Finally I'll explain why I think the era of rampant misrepresentation of performance is drawing to a close, whether governments, agencies and operators want it to or not.

Why it Matters

The underlying motivation for me writing this is that urban transit performance indicators in Sydney have been gamed. The indicators are more about producing high percentages than telling us anything meaningful. Yet they are used as a basis for judging the effectiveness of investment of tax-payers’ dollars, fare (price) setting and assessing management performance.

Reported success or improvement is rewarded, publicised or used as a basis for fare increases, when in fact many of the reported indicators do not show success or improvement in any meaningful sense (to a customer, investor or economy).

You might expect that the indicators would seek to represent features of performance that are important to users and the success of the transit business. However, this is not the case. And it’s not surprising when incentives around the creation and application of KPIs are not to develop or grow the business, but rather to project success theatre.

A half-hourly Sydney bus departs too full to take on passengers at the Edgecliff rail interchange

A half-hourly Sydney 324 bus departs too full to take on passengers at the Edgecliff rail interchange

The bus operator, State Transit, reports 99.87% Reliability in Q4 2012 (source)

The present Sydney transit KPIs are almost useless from a management perspective; they do not meaningfully inform management actions to improve customer experience.

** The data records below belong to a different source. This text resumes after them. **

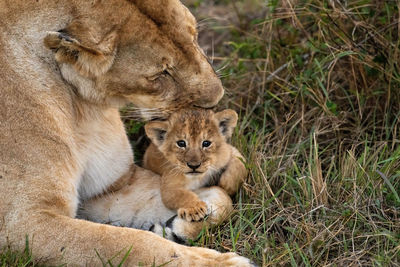 Close-up of lioness cleaning her cub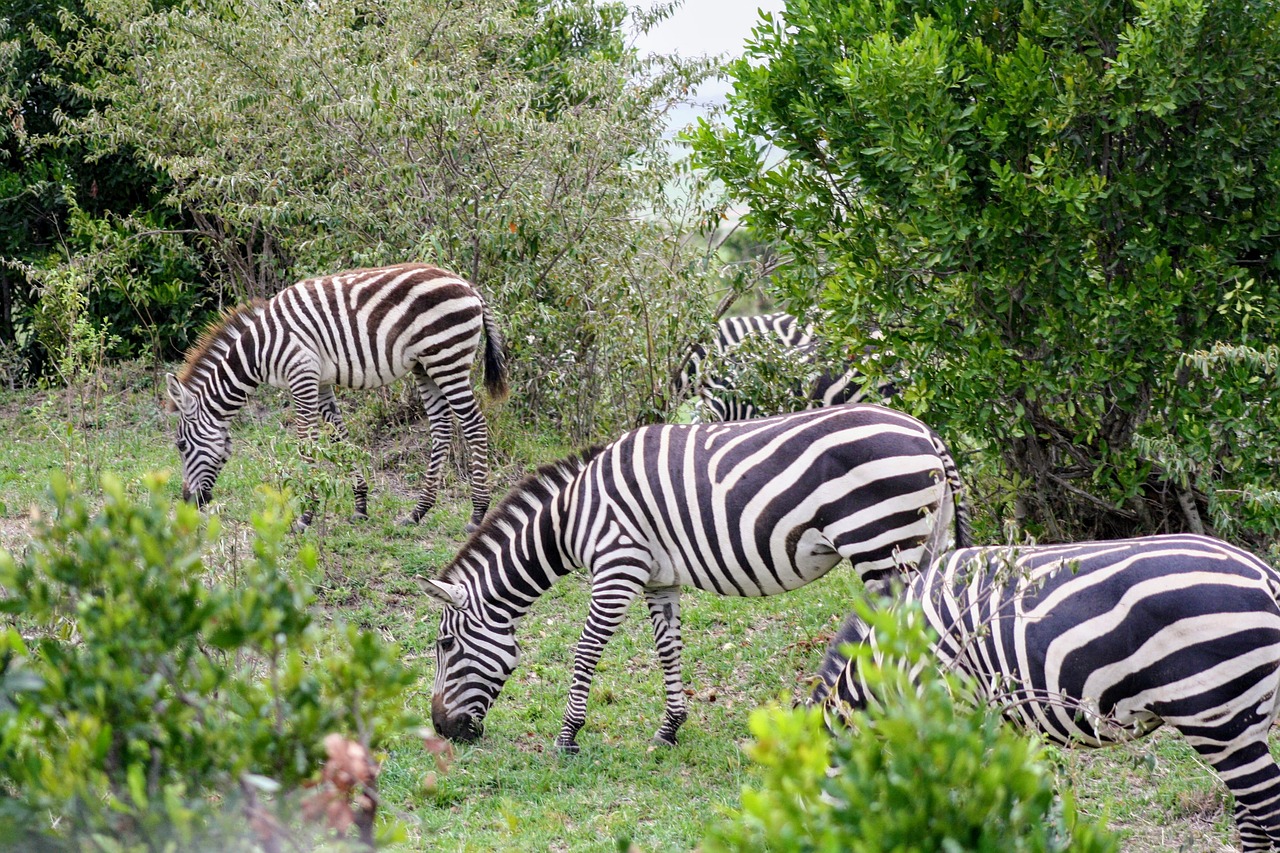 Zebra, Ganymas, Gamta, Laukinė Gamta, Afrika, Safari, Kenya, Ganyti, Masai Mara, Parkas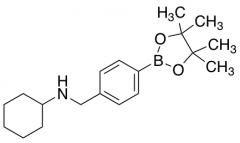 4-(Cyclohexyl)Aminomethylphenylboronic Acid Pinacol Ester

From a passenger and price-setting perspective they are at best useless and at worst intentionally deceptive. Moreover, meaningless KPIs render it impossible to analyse the (dis)improvement arising from strategic and operational changes.

This is not a problem that is confined to Sydney or transit, indeed it permeates the public sector to the highest level. However, with an active and earnest focus on performance, several transit organisations globally have overcome this bane. Sydney can too.

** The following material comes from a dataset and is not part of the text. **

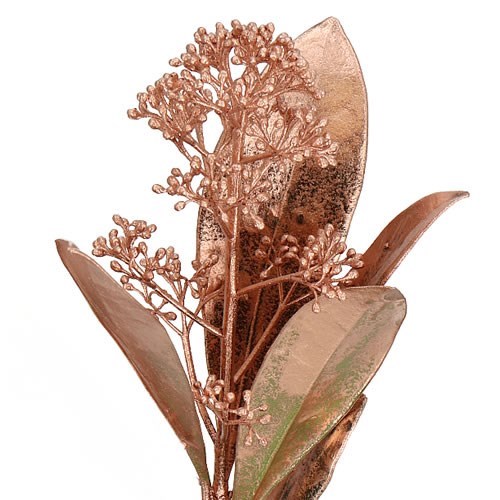 Skimmia dyed Copper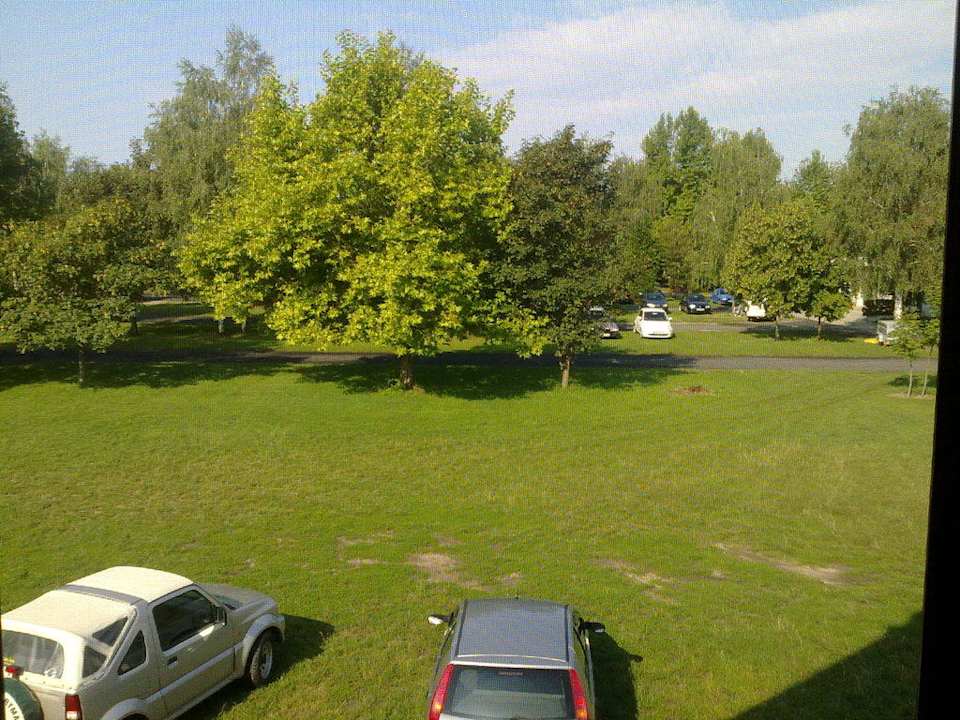 Aussicht vom Zimmer zum Garten! Nyerges Gasthof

Yes Minister: The Florence Nightingale Award Used the Wrong Metrics to judge success

Background

In a free, competitive market with multiple participants providing similar services, those participants are typically trying their hardest to improve how they fulfil the needs and wants of their customers.

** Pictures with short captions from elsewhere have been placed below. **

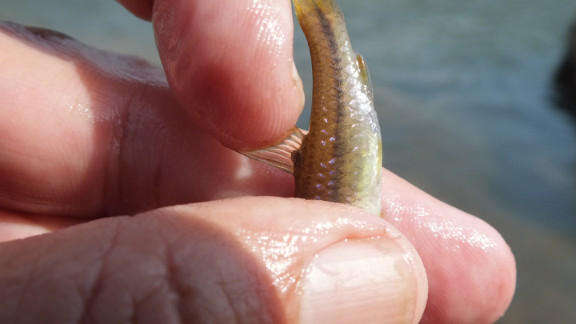 Image of Orange-fin barb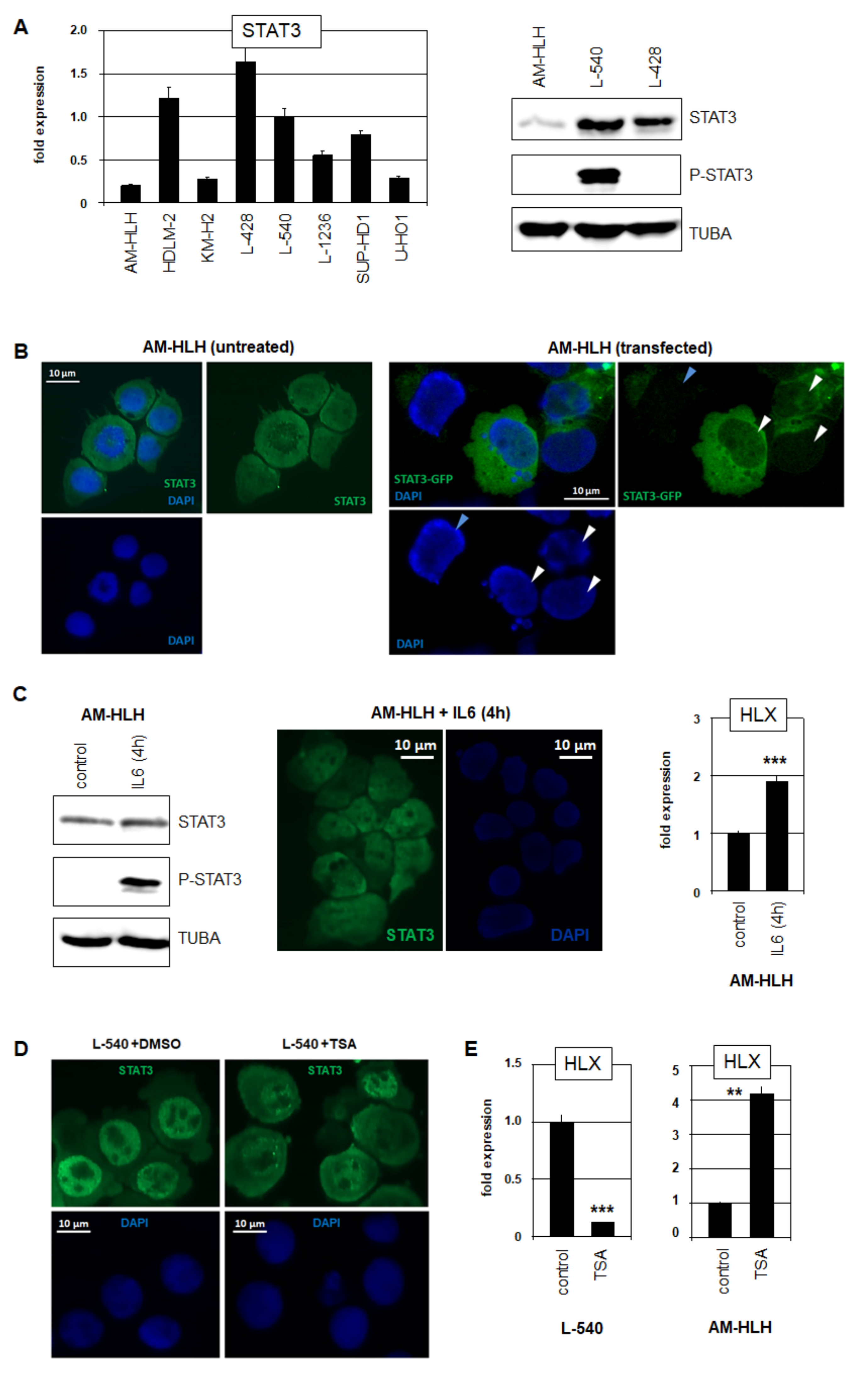 Biomedicines 10 01608 g002 Biomedicines 10 01608 g002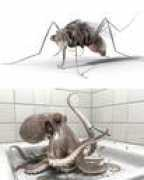 Mouche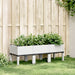 Jardinieră de grădină cu picioare, alb, 120x40x42 cm, PP - WALTI WALTI
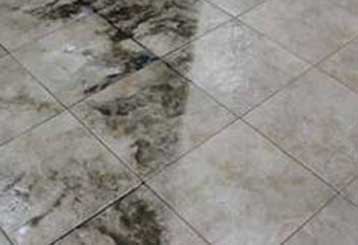 Bath Tub Mold | Carpet Cleaning Mission Viejo,CA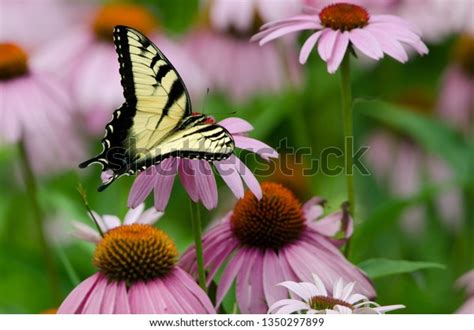 Eastern Tiger Swallowtail Pterourus Glaucus Minnesota Stock Photo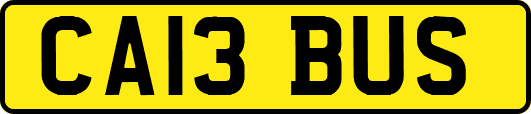 CA13BUS
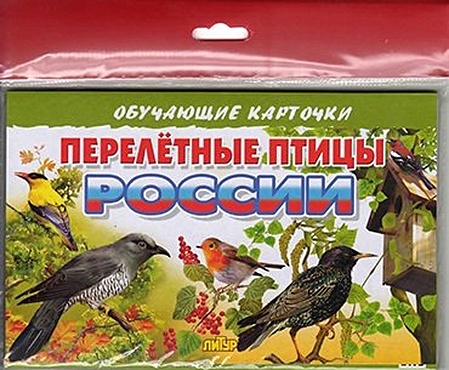 Перелетные птицы России/европодвес плакат перелетные птицы россии 550х770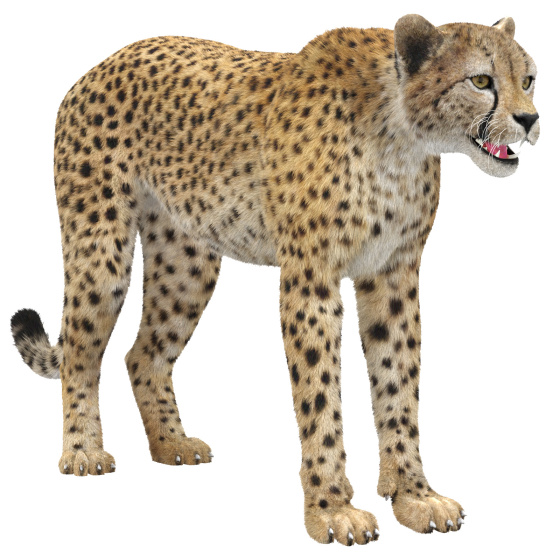 Cheetah Furry 3D Model PROmax3D - 1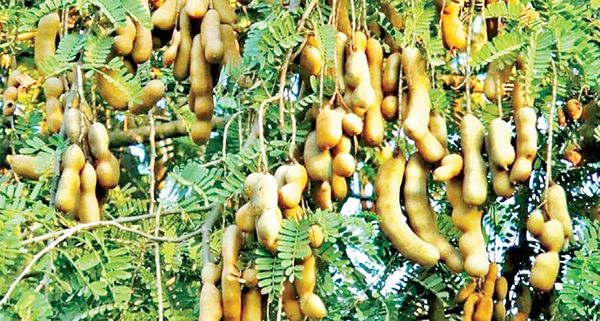 孟加拉国将购买缅甸出产的罗望果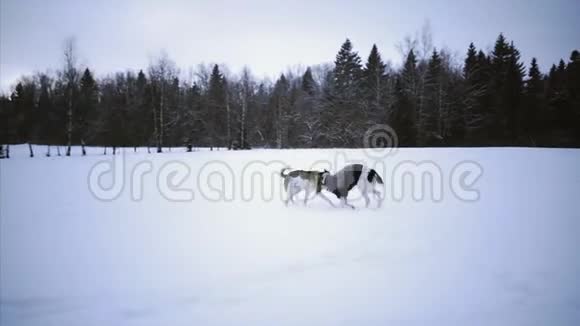 俄罗斯猎犬关于冬季自然视频的预览图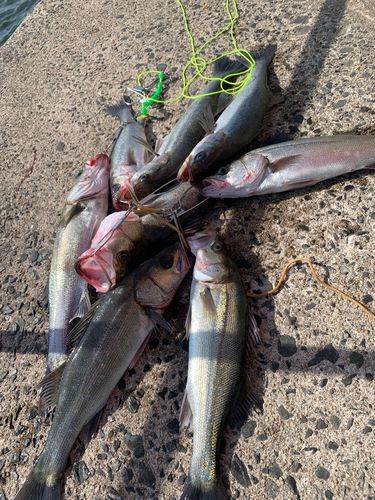 シーバスの釣果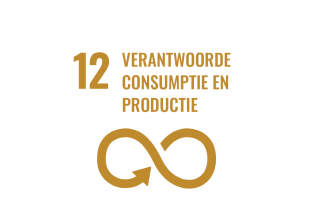 sdg 12 den haag verantwoorde consumptie en productie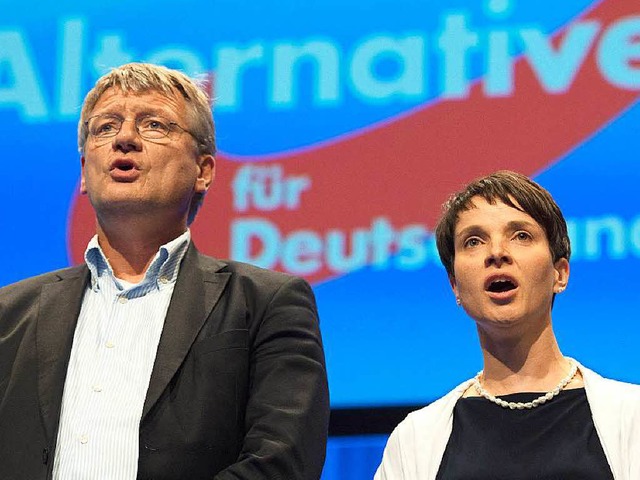 Die AfD-Parteivorsitzenden Jrg Meuthe... Stuttgart die deutsche Nationalhymne.  | Foto: dpa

Access, Glamour, Comfort, Value- Public transport in the competitive era (left: Central London rapid transit c1890 right: US Interstate rail c1950)

In the competitive private sector, performance reporting is important mainly for managers to understand how their business is performing, and to quantify which management actions improve or impede performance and by how much. Performance reporting is also necessary to inform investors or prospective investors of how the business is performing. Understanding KPIs or Metrics is the livelihood of investors. They want to put their money in companies which meet (or will meet) consumers’ needs better than other companies trying to meet those needs.

Investors therefore seek factual metrics on performance which are an indicator of how the company satisfies peoples’ needs, how efficient it is, how it’s growing and how much money it could make. As a corollary, companies are always seeking to provide those metrics, and finesse them is such a way as to claim as much success as they can.

Whether it is a manager seeking to cast his performance in the most favourable light, or a whole company talking-up its performance pre-investment, companies have a natural incentive to create metrics that overstate performance or success at meeting customers’ needs. These, in the lean startup world, are called Vanity Metrics. A famous example was Groupon’s overstated income described here by the New York Times, so-called “adjusted consolidated segment operating income”. Informed investors are attuned to the phenomenon and know when to call bullshit.

While speaking on the ineffectiveness of Vanity Metrics, Eric Ries defines “success theatre” as “energy that goes into making people think you’re being successful, rather than ... into serving customers” from this video (2:26-3:06)

In the private sector, performance indicators or metrics are under scrutiny from investors, prospective investors and even journalists reporting on the market.

In government-funded services operating in an uncompetitive environment, or in government-granted monopolies (like exclusive franchised bus, rail or ferry services), performance reporting is especially important. In the absence of market competition, it provides the only means by which performance and return on taxpayer dollars can be judged.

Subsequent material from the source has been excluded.